Berkat Otaku, ribuan orang diuntungkan dengan penjualan produk anime, manga, dan lainnya. Papan tanda, toko, iklan TV, sampul album penyanyi, semuanya menghasilkan keuntungan, semuanya berkat kartun Jepang. Jepang dikelilingi oleh semua jenis media ini, terutama distrik Akihabara.

Media di seluruh dunia menerima pengaruh dari animasi dan kreativitas Jepang. Berbagai manga dengan lisensi animasi dirilis untuk Barat, di-dubbing ke dalam bahasa Inggris, sehingga juga menghasilkan penciptaan produk untuk penjualan, menunjukkan bahwa ini tidak hanya terjadi di Jepang.

Kami juga merekomendasikan untuk membaca:

Animes - Os desenhos japoneses - Dúvidas e curiosidades
Contoh bagaimana anime telah mempengaruhi perdagangan produk.

Kartun Jepang di Brasil

Anime telah menjadi sangat populer di kalangan pemuda Brasil. Pada saat yang sama, itu adalah sesuatu yang dipertanyakan di antara beberapa pemuda dan dewasa. Brasil didominasi oleh rasa machisme yang buruk, di mana beberapa pemuda menganggap menonton kartun sebagai sesuatu yang kekanak-kanakan, tidak dapat memahami atau menyukai animasi, atau bahkan mengeluh membaca subtitle.

Dalam kasus orang dewasa, ada beberapa orang tua yang protektif atau religius yang tidak terinformasi. Mereka berpikir bahwa semua anime adalah gaya Yugioh, Dragon Ball, dan Naruto, penuh dengan kekerasan dan okultisme.
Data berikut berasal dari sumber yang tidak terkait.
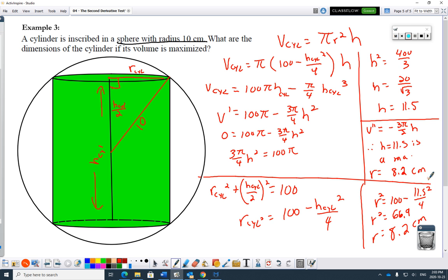Taking the double derivative, it's always negative, which means this is a maximum. Then I subbed the h equals 11.5 back in to find the radius that goes with it. These are good assignment questions where you can work your way through the steps carefully. It actually works out well that you're not having to hammer these through in a test format.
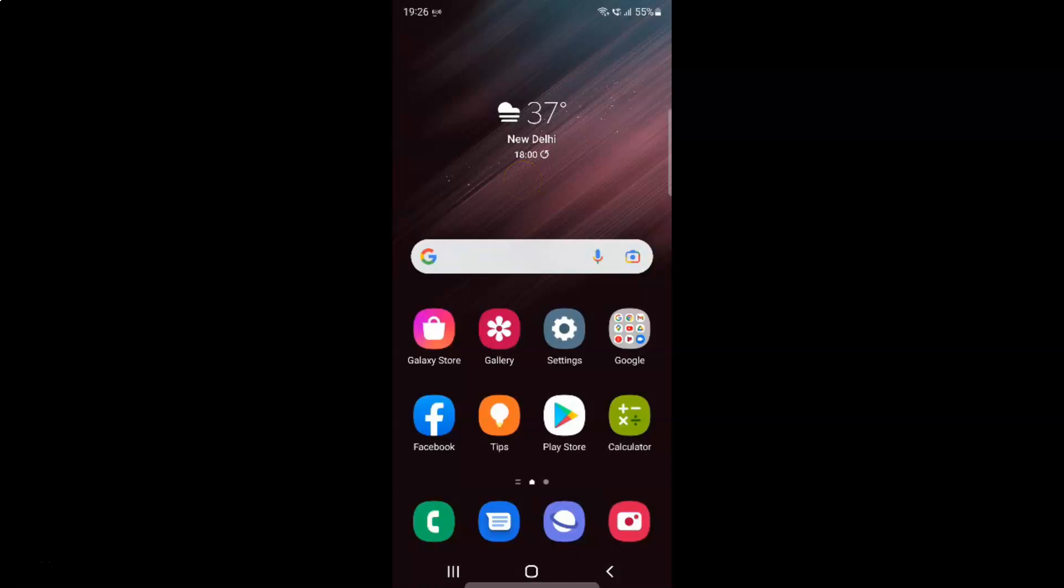Hi guys. In this video, I will show you how to turn on or off security policy updates on Samsung Galaxy S22 Ultra. So this is my Samsung Galaxy S22 Ultra device. Let's start.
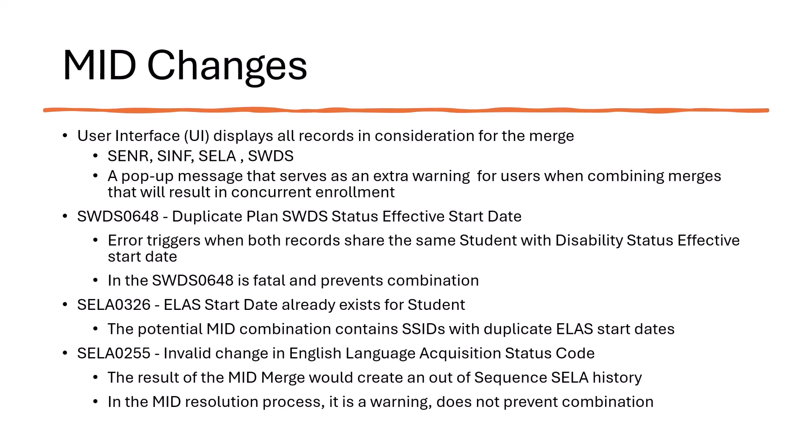And the SELA0255 invalid change in English language acquisition status code. This triggers when the result of a mid-merge would create an out-of-sequence SELA history. In the mid-resolution process, both the SELA0326 and the SELA0255 are warnings and will not prevent the combination of a mid.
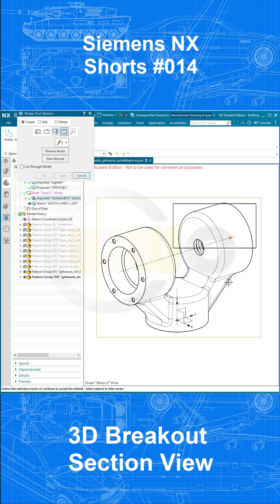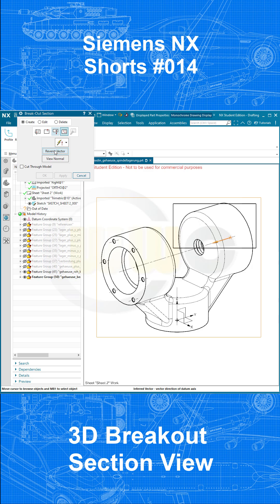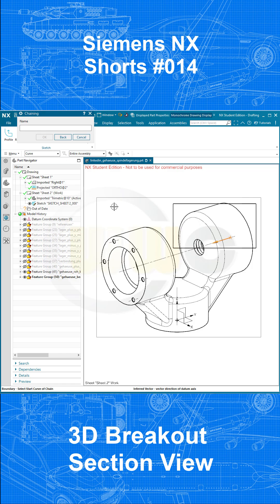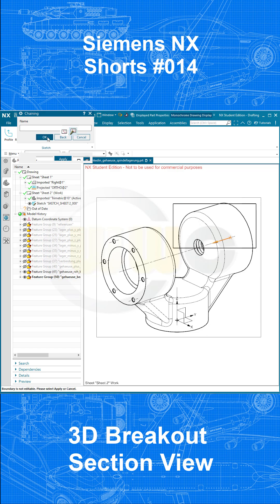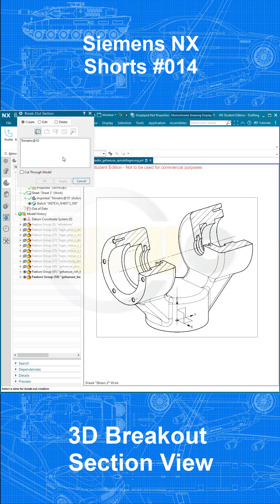Then define the extrusion vector — that vector would be this one. Reverse the direction, reverse the vector. Then go to select curves, go for chain, select that line. The complete rectangle will be selected.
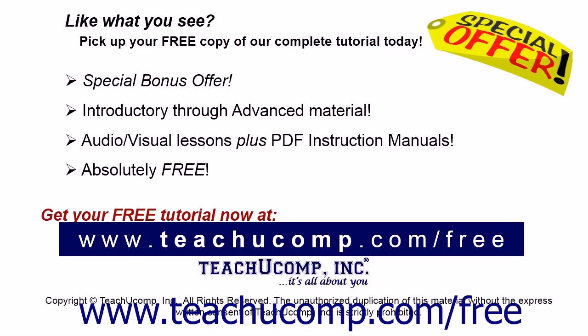Like what you see? Pick up your free copy of the complete tutorial at www.teachucomp.com forward slash free.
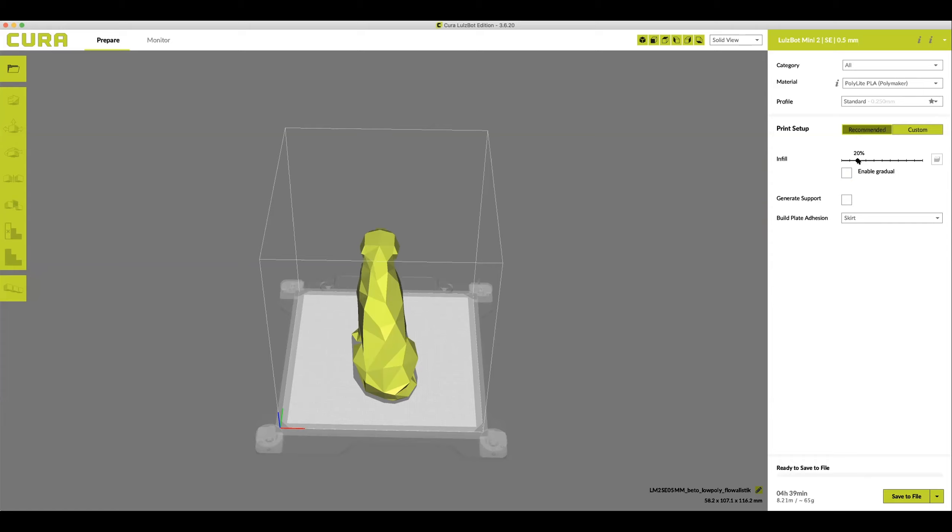Infill indicates how much material is inside the model. 20% is usually good for most models, but if you need it to be more, click and drag the slider to make a greater percentage of infill.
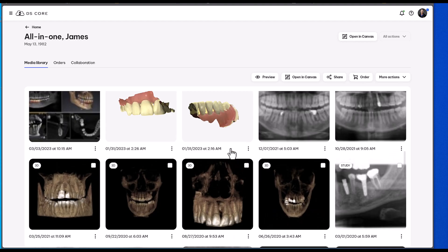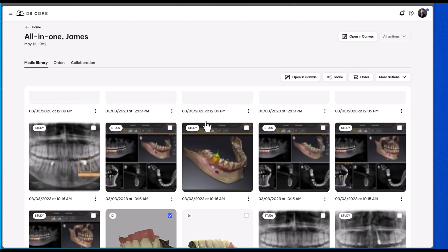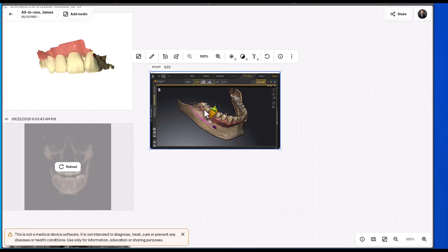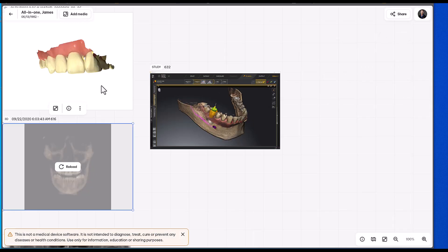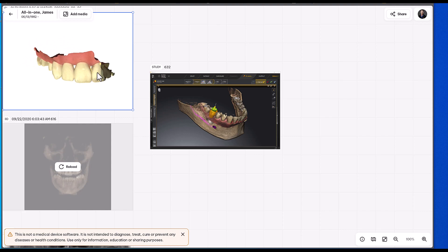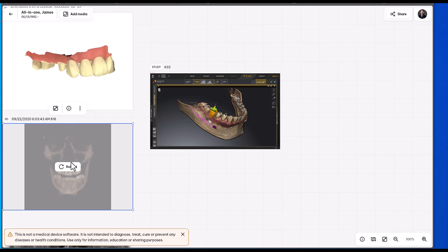You also have the ability to do something called Canvas. So let's say you have multiple different files that you've taken for that patient — let's say it's a cone beam, an implant plan that you've created, their file from the PrimeScan. You could go directly into the Canvas and view all those at once.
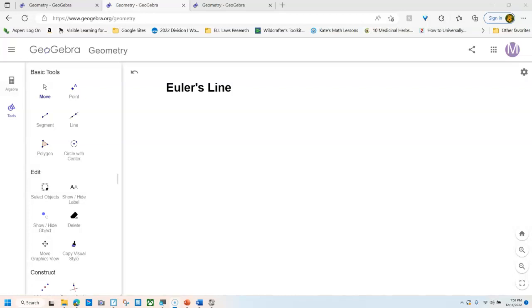Hi everybody. We are going to be making Euler's line. So the first thing we have to do is find the circumcenter.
Mereka benar-benar lupa bahwa ada genre.

Baca juga: Kontroversi agama yang berpikir bahwa semua dari Jepang adalah dari Setan!
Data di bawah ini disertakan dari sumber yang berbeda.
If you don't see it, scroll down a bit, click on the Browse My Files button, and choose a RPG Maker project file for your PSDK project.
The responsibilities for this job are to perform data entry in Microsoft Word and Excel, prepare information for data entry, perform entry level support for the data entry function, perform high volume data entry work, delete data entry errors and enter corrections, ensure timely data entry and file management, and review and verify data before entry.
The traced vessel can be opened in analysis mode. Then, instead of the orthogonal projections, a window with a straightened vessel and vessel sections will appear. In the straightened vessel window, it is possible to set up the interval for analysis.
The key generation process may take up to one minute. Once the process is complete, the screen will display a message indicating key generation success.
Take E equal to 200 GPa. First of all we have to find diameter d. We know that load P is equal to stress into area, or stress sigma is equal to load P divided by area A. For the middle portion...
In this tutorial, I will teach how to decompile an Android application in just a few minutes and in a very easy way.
Malangnya, Brasil terpengaruh buruk oleh anime, hingga masa lalu, satu-satunya animasi yang diterima di Brasil didiskriminasi oleh masyarakat dewasa, negara kita hanya menerima anime shounen aksi dengan konten supernatural atau tidak realistis.

Animes - Os desenhos japoneses - Dúvidas e curiosidades

Saat ini tidak ada studio yang merilis animasi dalam bahasa kita, salah satu karya terkenal terakhir yang dirilis dalam bahasa Portugis adalah “Full Metal Alchemist Brotherhood”. Untungnya, manga telah mendapatkan popularitas berkat Panini, JBC, dan New POP, dan Netflix telah membawa beberapa anime yang di-dubbing untuk Barat.
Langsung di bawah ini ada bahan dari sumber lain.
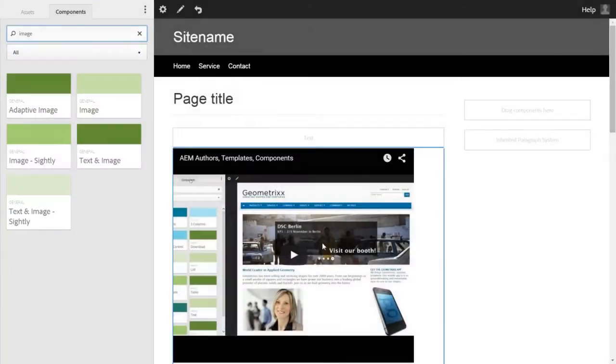We have learned about dialogues and design dialogues. I want to familiarize you with another node called edit config.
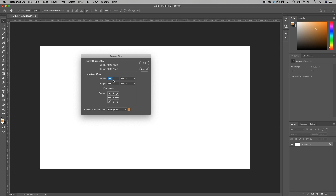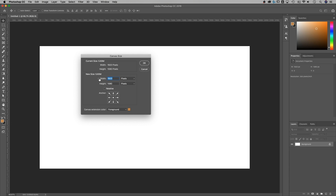We have a couple of options here. As long as Relative is unchecked, you're going to see the actual size of your canvas — in this case, 1920 by 1080 pixels. You can change your units on the side and then change the size. If I want a square, I'd set it to 2000 by 2000. If you check Relative, you're adding a certain amount — so putting 80 would do 1920 plus 80. Without Relative checked, it just changes the canvas to exactly the size you enter.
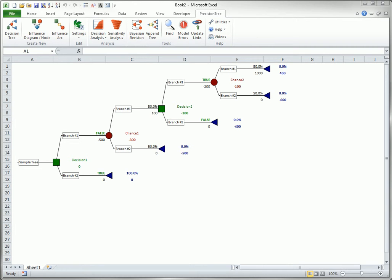Precision Tree has several methods for calculating the net payoff from any strategy. The method you will use most often is called the cumulative payoff method. In fact, this is the only method that most users are even aware of.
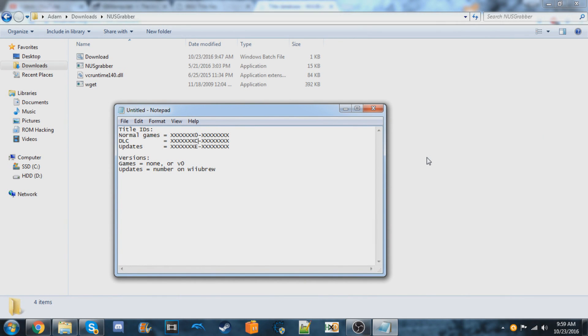Hey guys, today I'll be showing you an updated way to download games from Nintendo and use them with the USB loading method to install the games onto your home menu.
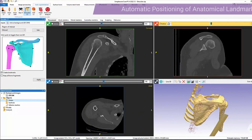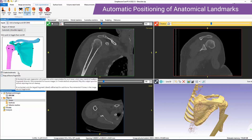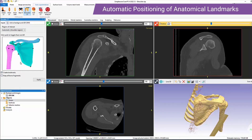Another great aspect of our auto-segmenters is the automatic positioning of anatomical landmarks. We have the option to toggle this off and on. Additionally, we can specify the keep all bone fragments option, which is very useful in fracture cases.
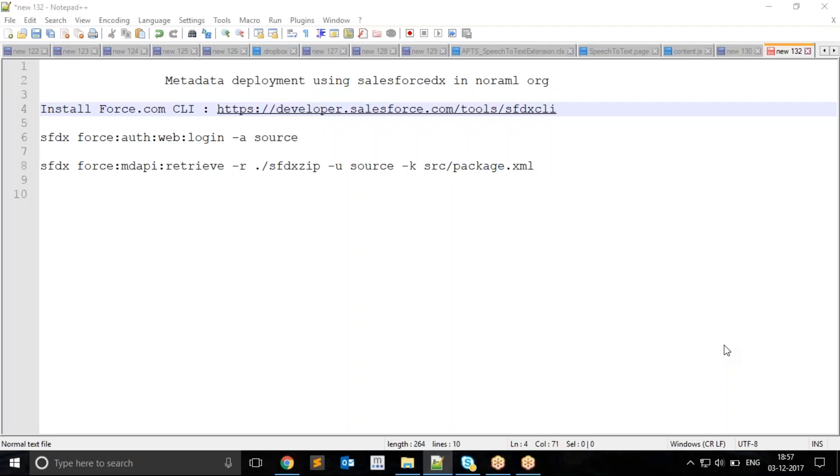Hello and welcome to the Salesforce learning session. Today we will learn how Salesforce DX can be used to deploy metadata from one normal Salesforce org to another org. We can use Salesforce DX in our existing Salesforce org where Salesforce DX is not yet enabled.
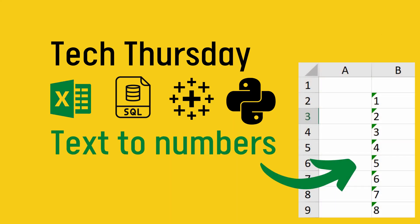Hi, welcome to Tech Thursday, a series where we look at technical problems and challenges in various analytical tools such as Excel, Tableau, Python or SQL.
Anime adalah sumber pengetahuan dan budaya yang besar tentang Jepang. Menonton mereka adalah mungkin untuk belajar banyak hal, termasuk bahasa. Anime sama sekali tidak dapat dianggap sebagai sesuatu untuk anak-anak, karena target audiensnya adalah pemuda dan dewasa.

Juga tidak dapat dianggap sebagai sesuatu yang unik, anime sangat beragam, jadi kita tidak dapat merujuk ke anime secara keseluruhan, ada genre adaptasi, dll. Jika Anda belum pernah menonton anime, beri kesempatan, Anda mungkin akan terkejut. Jangan lupa tinggalkan komentar dan pendapat Anda di bawah ini.

Kevin Henrique

Kevin Henrique

Pakar budaya Asia dengan pengalaman lebih dari 10 tahun, berfokus pada Jepang, Korea, anime, dan permainan. Penulis dan pelancong otodidak yang berdedikasi untuk mengajar bahasa Jepang, berbagi tips perjalanan, dan menjelajahi hal-hal menarik yang mendalam.

Eksplorasi konten lain dari Suki Desu

Langganan sekarang agar bisa terus membaca dan mendapatkan akses ke semua arsip.